RECORDS SUPPLIED:
____

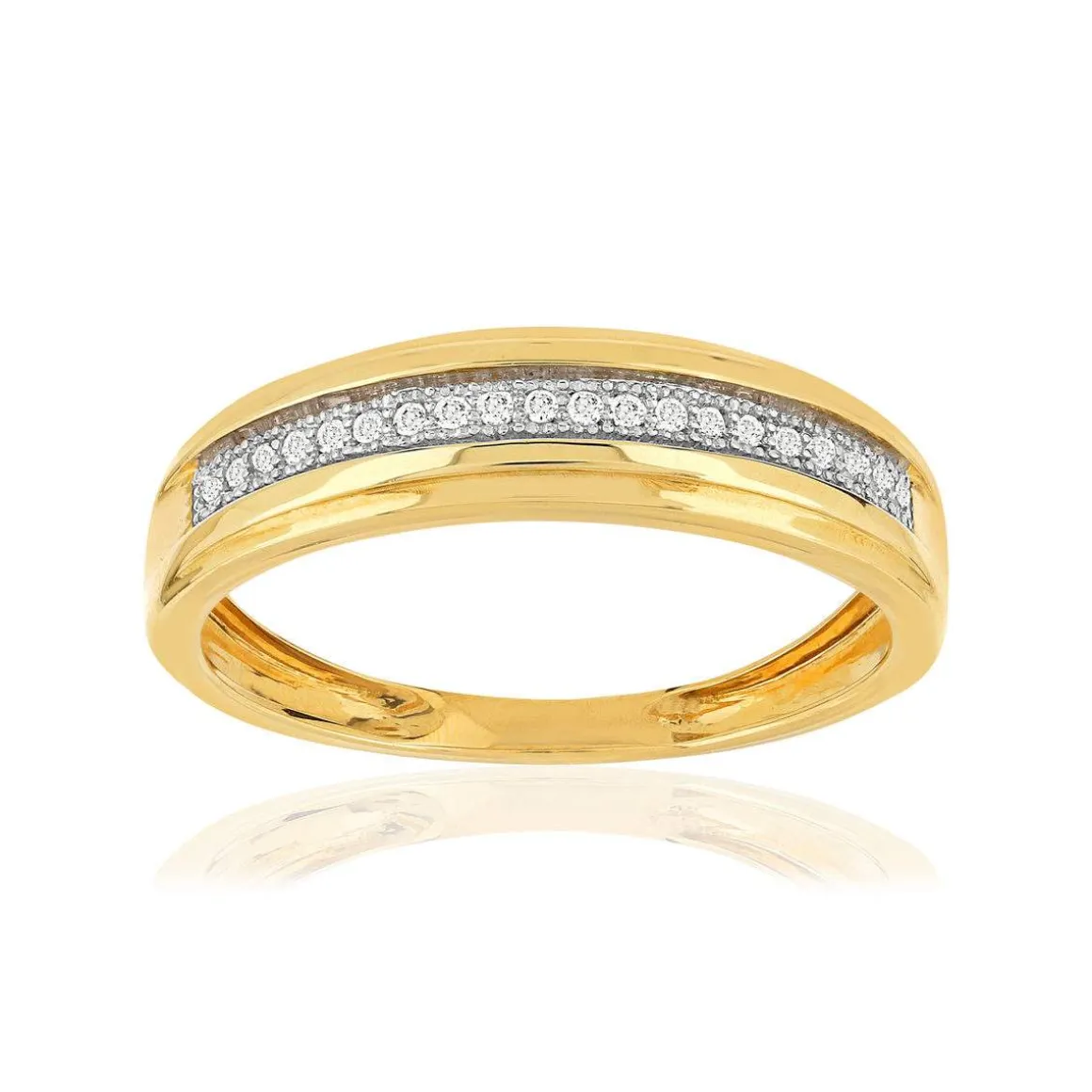 Bague or 375 2 tons diamants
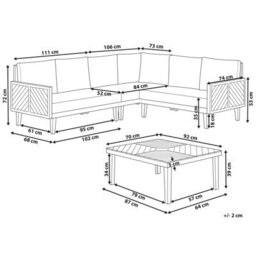 Beliani Baratti 4 Seater Acacia Wood Garden Corner Sofa Set With Coffee Table, Light Beige - thumbnail 3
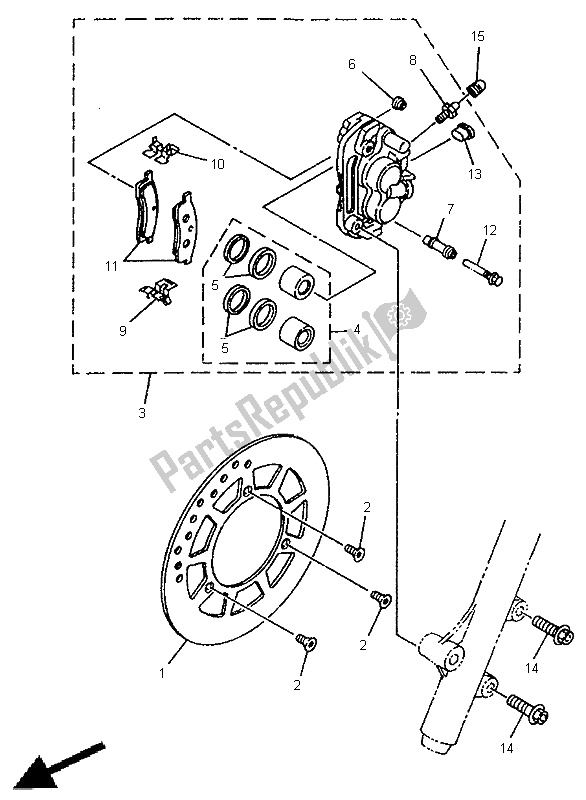 All parts for the Front Brake Caliper of the Yamaha YZ 80 LW 1999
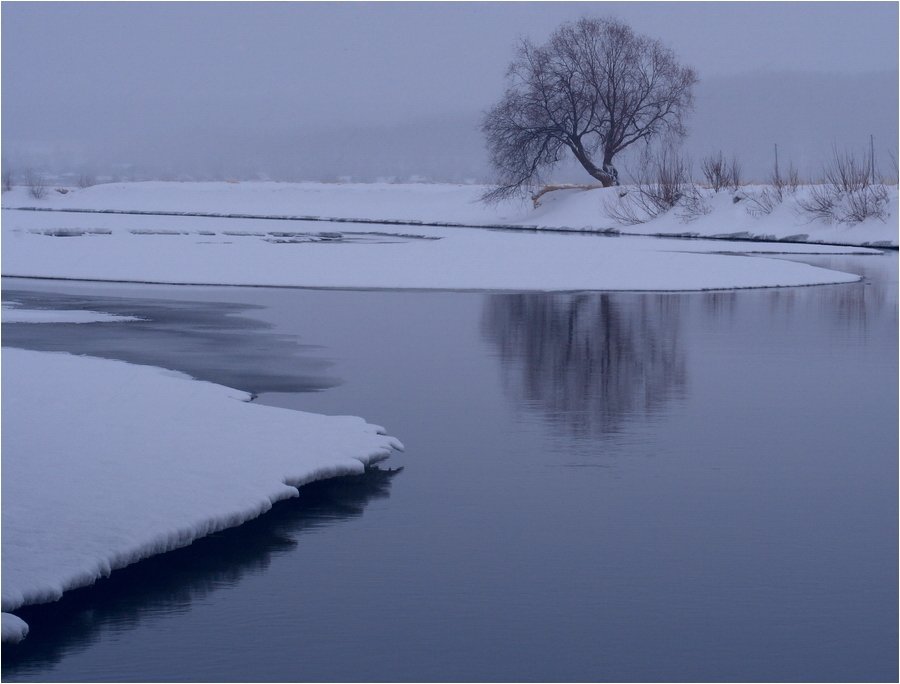 бурятия, большая, речка, снег, лед, дерево, отражение, Олег Шубаров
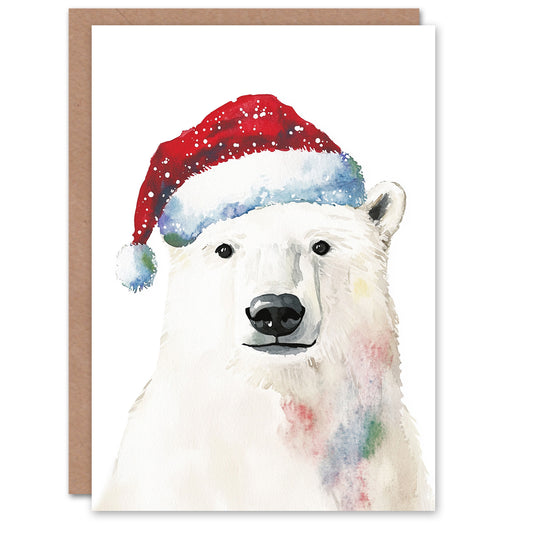Polar Bear Santa Hat Bright Festive Fun Christmas Card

____

TASK INSTRUCTIONS:
Each line from the one with "бурятия, большая, речка, снег, лед, дерево, отражение, Олег" to the last line of the listing should be returned exactly, both ends included, and no picture with them.

OUTPUT FOR THIS TASK:
 бурятия, большая, речка, снег, лед, дерево, отражение, Олег Шубаров
Polar Bear Santa Hat Bright Festive Fun Christmas Card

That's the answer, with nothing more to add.